SmartMixed: A Two-Phase Training Strategy for Adaptive Activation Function Learning in Neural Networks
This addresses the need for adaptive activation functions to improve neural network performance, but it is incremental as it builds on existing activation functions and focuses on a specific dataset.
The paper tackled the problem of fixed activation functions in neural networks by introducing SmartMixed, a two-phase training strategy that learns per-neuron activation functions, resulting in distinct preferences across layers on MNIST with feedforward networks.

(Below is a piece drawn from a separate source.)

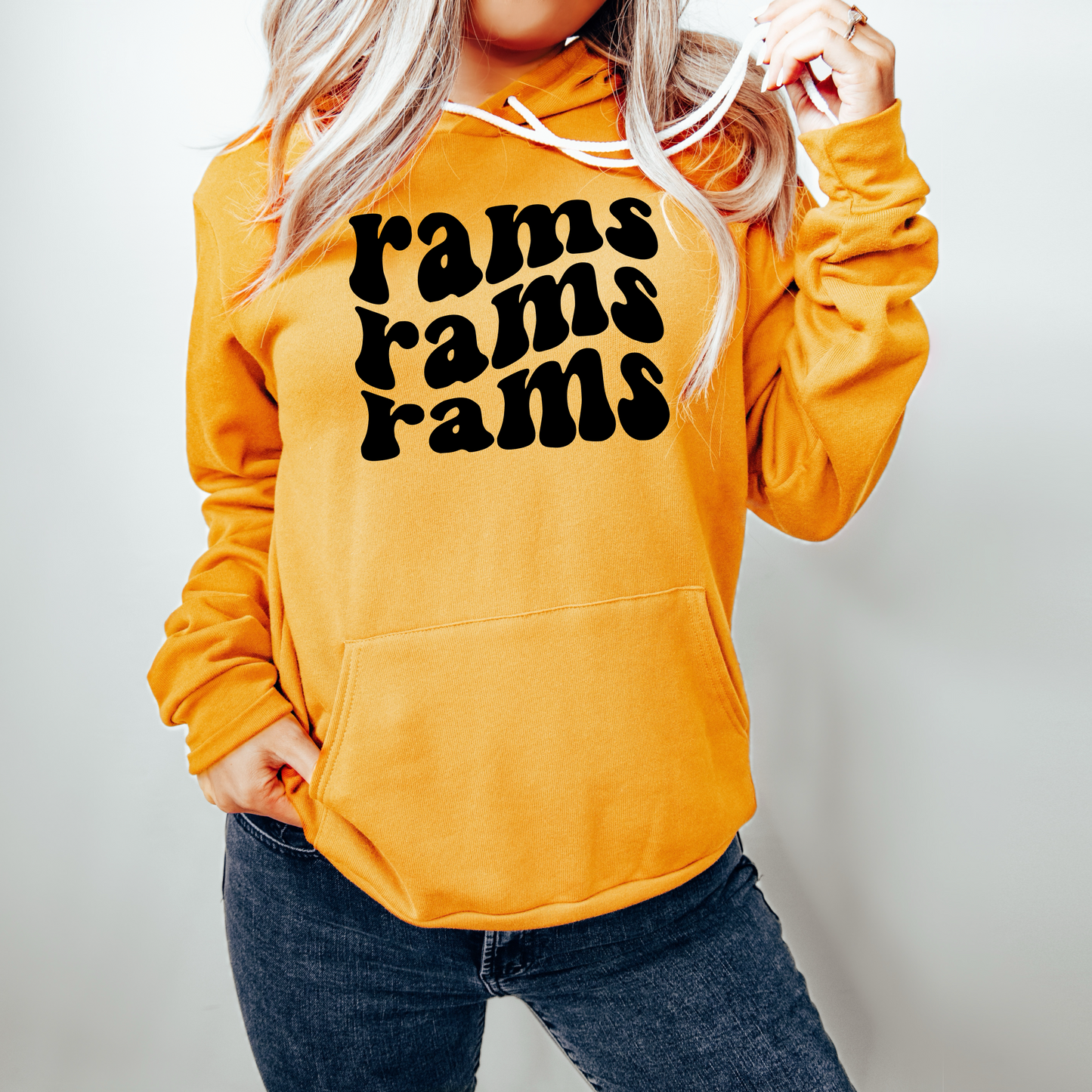 Gold Groovy Rams Sweatshirt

The choice of activation function plays a critical role in neural networks, yet most architectures still rely on fixed, uniform activation functions across all neurons. We introduce SmartMixed, a two-phase training strategy that allows networks to learn optimal per-neuron activation functions while preserving computational efficiency at inference. In the first phase, neurons adaptively select from a pool of candidate activation functions (ReLU, Sigmoid, Tanh, Leaky ReLU, ELU, SELU) using a differentiable hard-mixture mechanism. In the second phase, each neuron's activation function is fixed according to the learned selection, resulting in a computationally efficient network that supports continued training with optimized vectorized operations. We evaluate SmartMixed on the MNIST dataset using feedforward neural networks of varying depths. The analysis shows that neurons in different layers exhibit distinct preferences for activation functions, providing insights into the functional diversity within neural architectures.